# Calling all tall guys.....Team 7-11 bike on eBay



## kjmunc (Sep 19, 2005)

The auction calls this bike both a 62cm and a 65cm, so I'm assuming it's a misprint, although I'm surprised even Sean Yates ever rode something as large as 62cm. 

Wheels have obviously been upgraded, and this bike is priced pretty steeply, but it IS a pretty rare bird for us big guys......

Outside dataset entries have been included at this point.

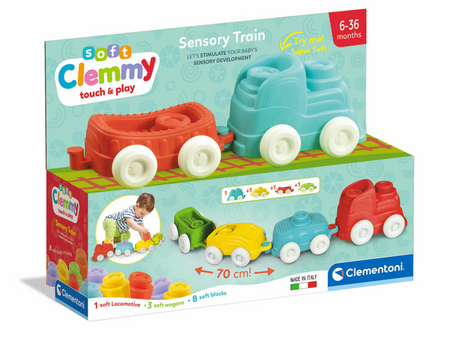 Clementoni baby - delikatny tren sensoryczny z miękkimi klockami, 12 sztuk.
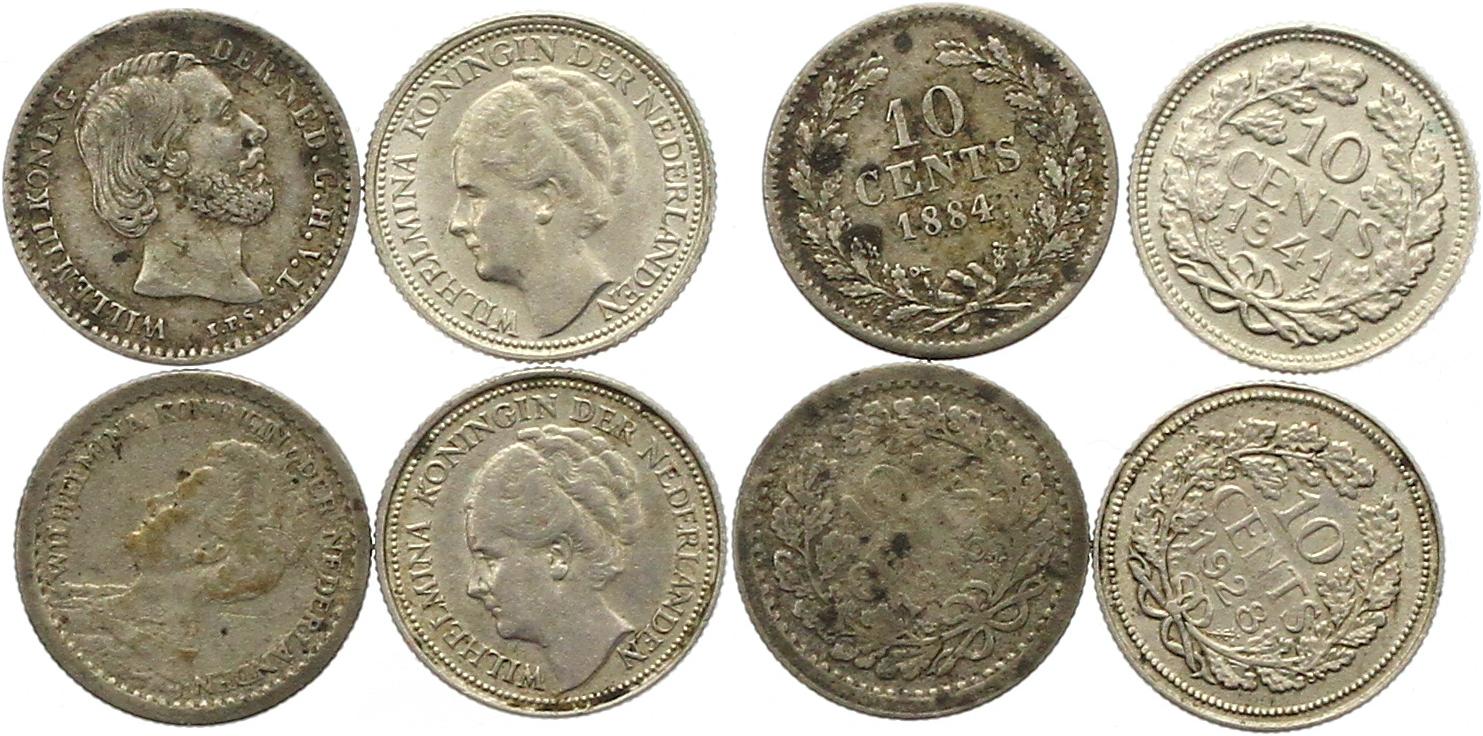  9693 Niederlande 10 Cent Silber Lot 4 Stück   
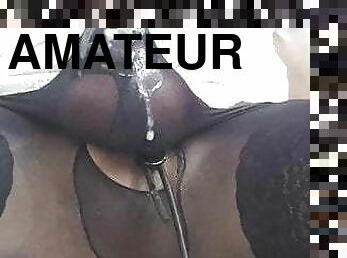 shemale, amatør, cumshot, leke, tysk, bdsm, strømper-stockings, cum, nylon, lær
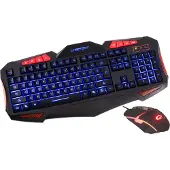 Esperanza EGK3000, Volle Größe (100%), Kabelgebunden, USB, QWERTY, Schwarz, Rot, Maus enthalten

http://cgi.ebay.com/Eddy-Merckx-90-...5QQihZ005QQcategoryZ98084QQrdZ1QQcmdZViewItem


----------



## Fivethumbs (Jul 26, 2005)

Nice bike and I would definitely love t have it, but $2350? Why can't Gord Fraser have an older 6' 3" brother?


----------



## Rollo Tommassi (Feb 5, 2004)

*Couple o' things don't seem right*

the 'custom dyed saddle'. Never saw those in print during the era
They rode on Wolber rims
He doesn't show the drive side of the top tube where it would say "Sean Yates".
the paint is in just 'too' good of shape, for even only been on top of a car. no cable rub marks, chrome in dropout is clean...


----------



## Fivethumbs (Jul 26, 2005)

Another thing is, I have a LOT of older cycling videos from the mid-1980's to the late 1990's and Sean Yates always used downtube shifters. The only time I saw him use STI was in Paris-Roubaix.


----------